**Task item**
Set down the data below word for word, and leave the images aside.

**Listed records**
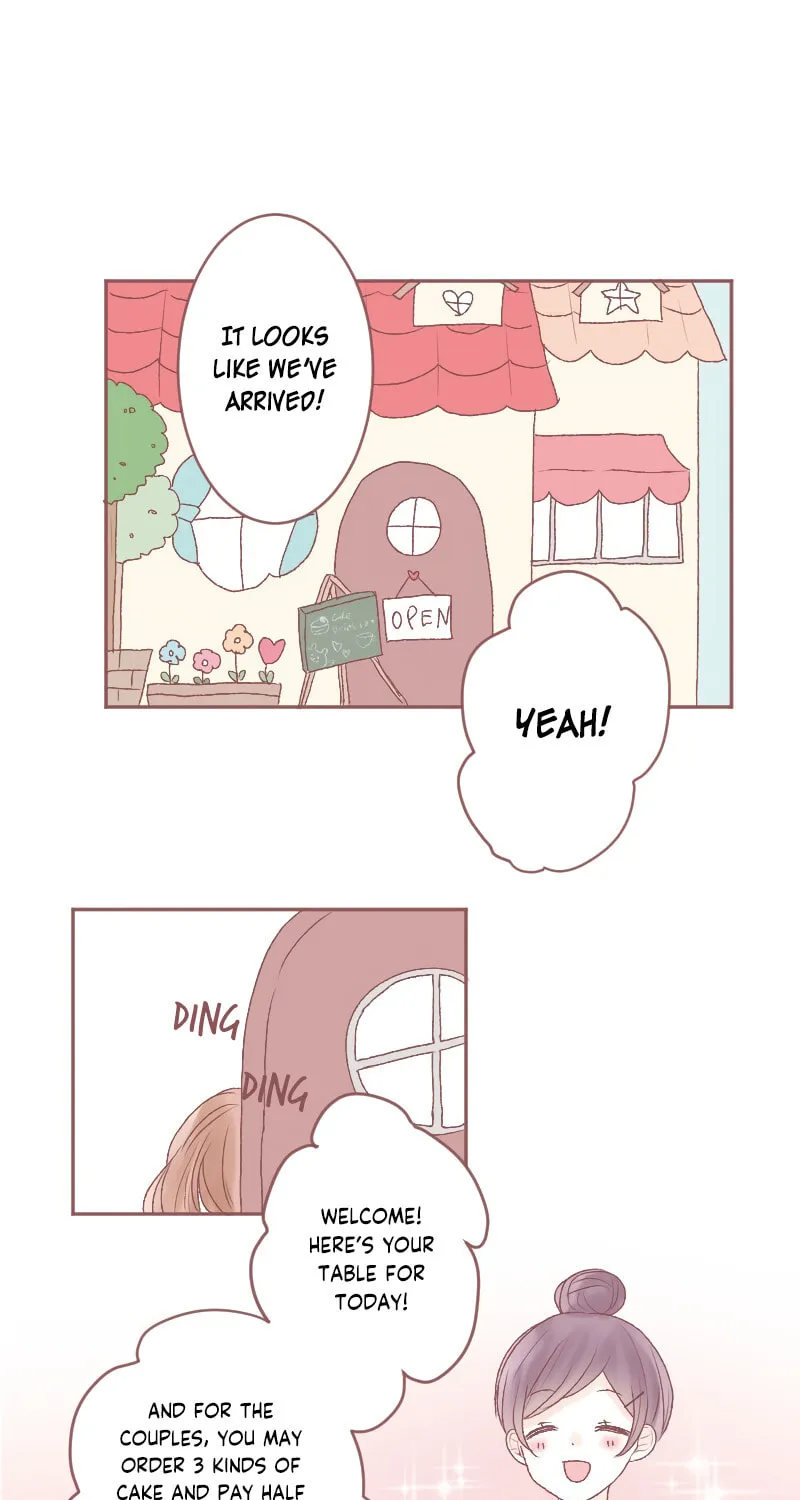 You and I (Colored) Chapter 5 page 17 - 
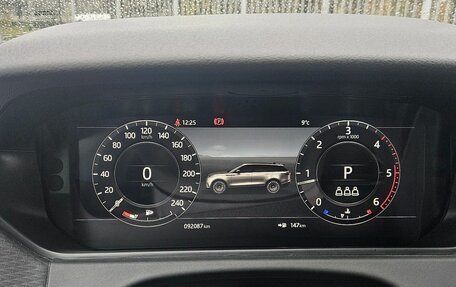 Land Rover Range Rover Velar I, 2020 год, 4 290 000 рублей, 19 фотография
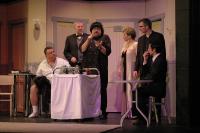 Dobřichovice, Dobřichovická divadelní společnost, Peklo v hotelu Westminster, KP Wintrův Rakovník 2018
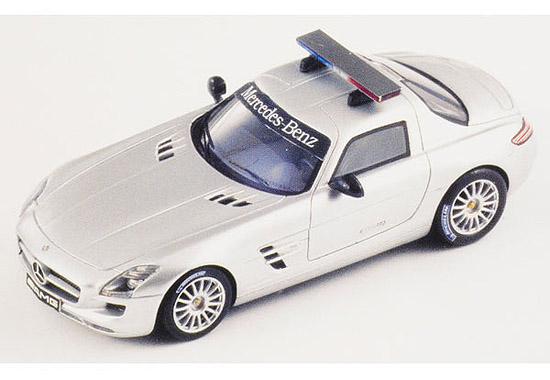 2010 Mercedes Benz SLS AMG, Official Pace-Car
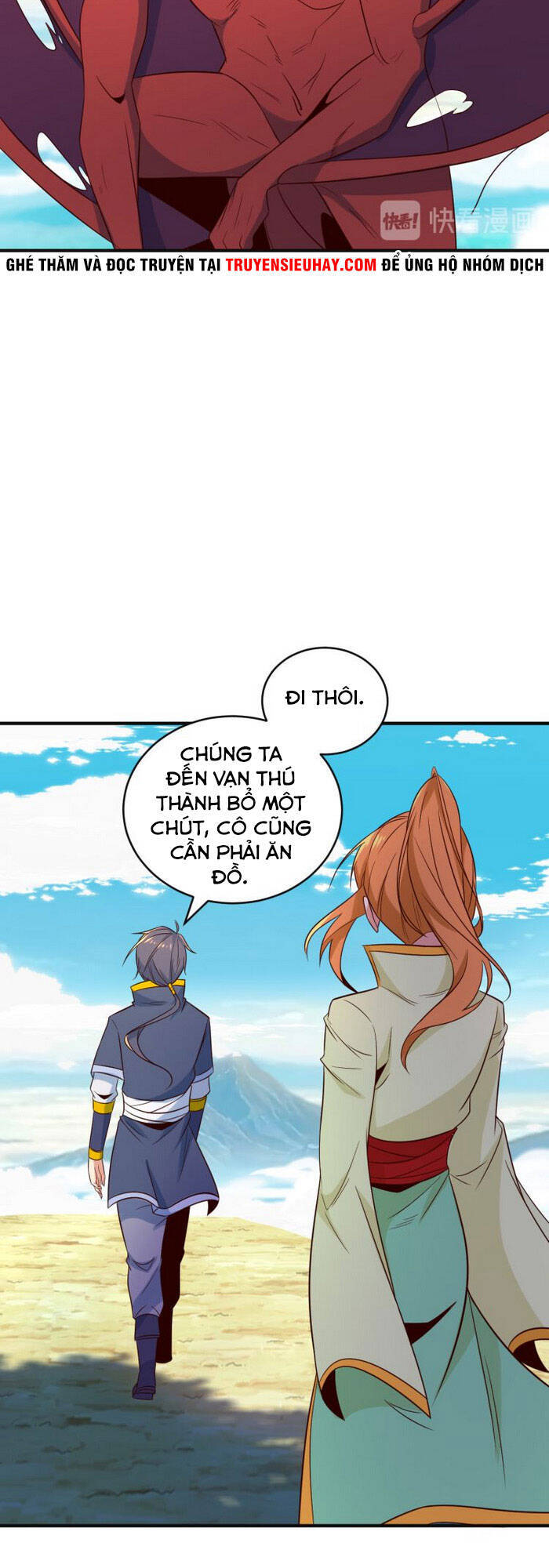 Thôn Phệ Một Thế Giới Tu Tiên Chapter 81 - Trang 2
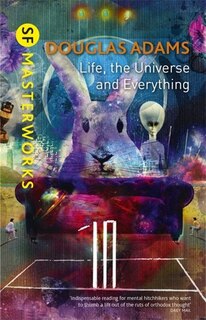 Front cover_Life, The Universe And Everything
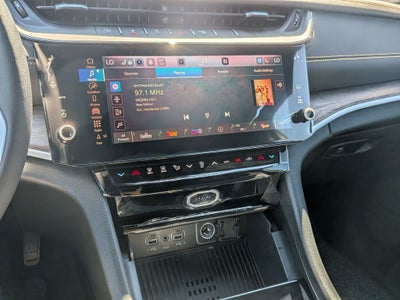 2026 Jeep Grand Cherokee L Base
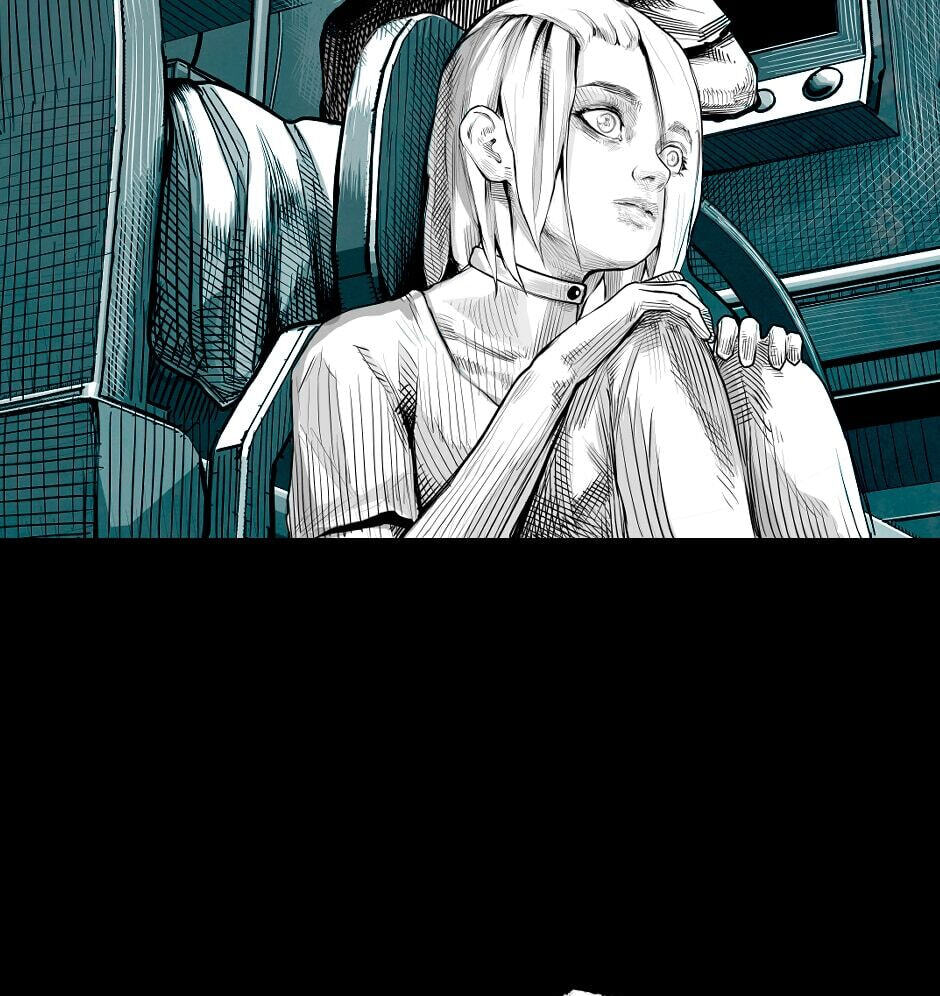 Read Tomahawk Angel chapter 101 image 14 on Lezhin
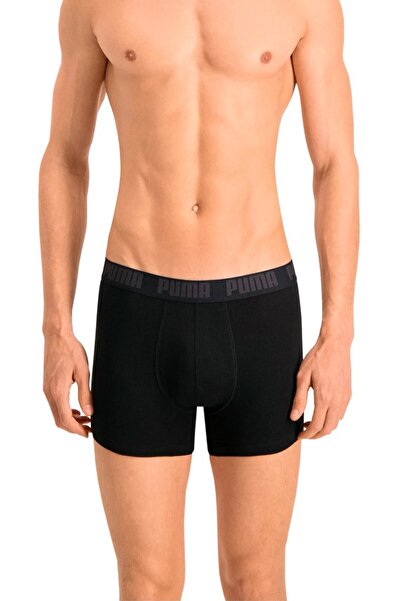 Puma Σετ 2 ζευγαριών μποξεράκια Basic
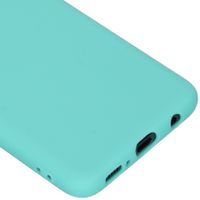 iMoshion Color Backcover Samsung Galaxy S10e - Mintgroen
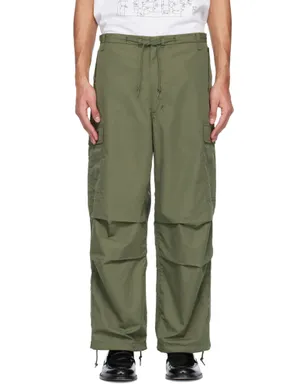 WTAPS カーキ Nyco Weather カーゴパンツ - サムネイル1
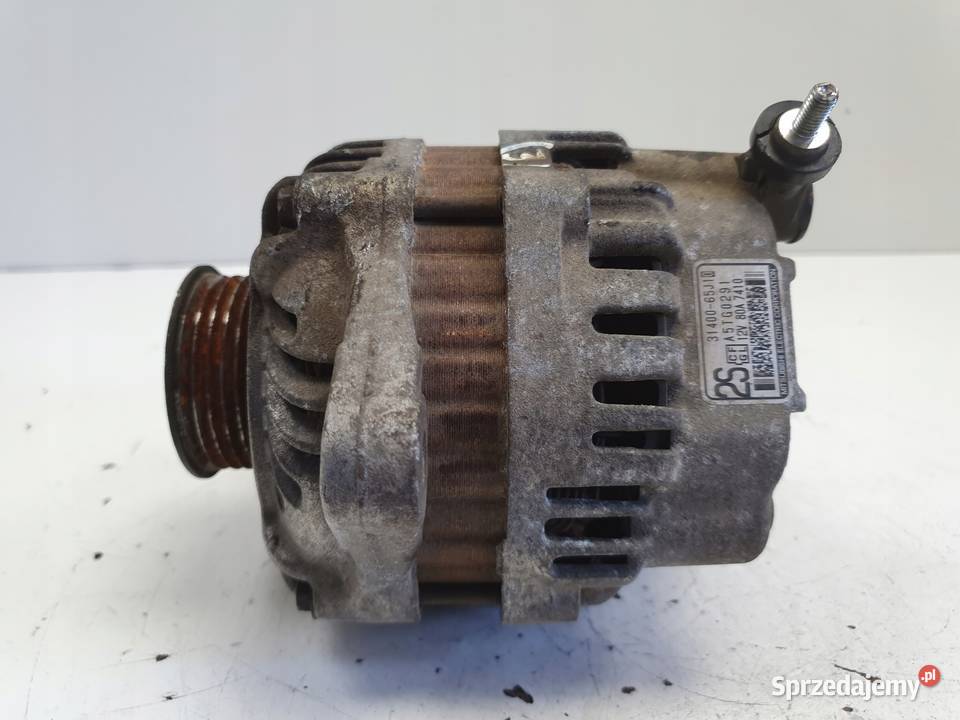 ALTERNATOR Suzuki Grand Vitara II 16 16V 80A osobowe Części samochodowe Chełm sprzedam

**Response for this exercise**
 You and I (Colored) Chapter 5 page 17 - 
 Land Rover Range Rover Velar I, 2020 год, 4 290 000 рублей, 19 фотография
 Dobřichovice, Dobřichovická divadelní společnost, Peklo v hotelu Westminster, KP Wintrův Rakovník 2018
 2010 Mercedes Benz SLS AMG, Official Pace-Car
 Thôn Phệ Một Thế Giới Tu Tiên Chapter 81 - Trang 2
 Front cover_Life, The Universe And Everything
 2026 Jeep Grand Cherokee L Base
 Read Tomahawk Angel chapter 101 image 14 on Lezhin
 Puma Σετ 2 ζευγαριών μποξεράκια Basic
 iMoshion Color Backcover Samsung Galaxy S10e - Mintgroen
 WTAPS カーキ Nyco Weather カーゴパンツ - サムネイル1
 ALTERNATOR Suzuki Grand Vitara II 16 16V 80A osobowe Części samochodowe Chełm sprzedam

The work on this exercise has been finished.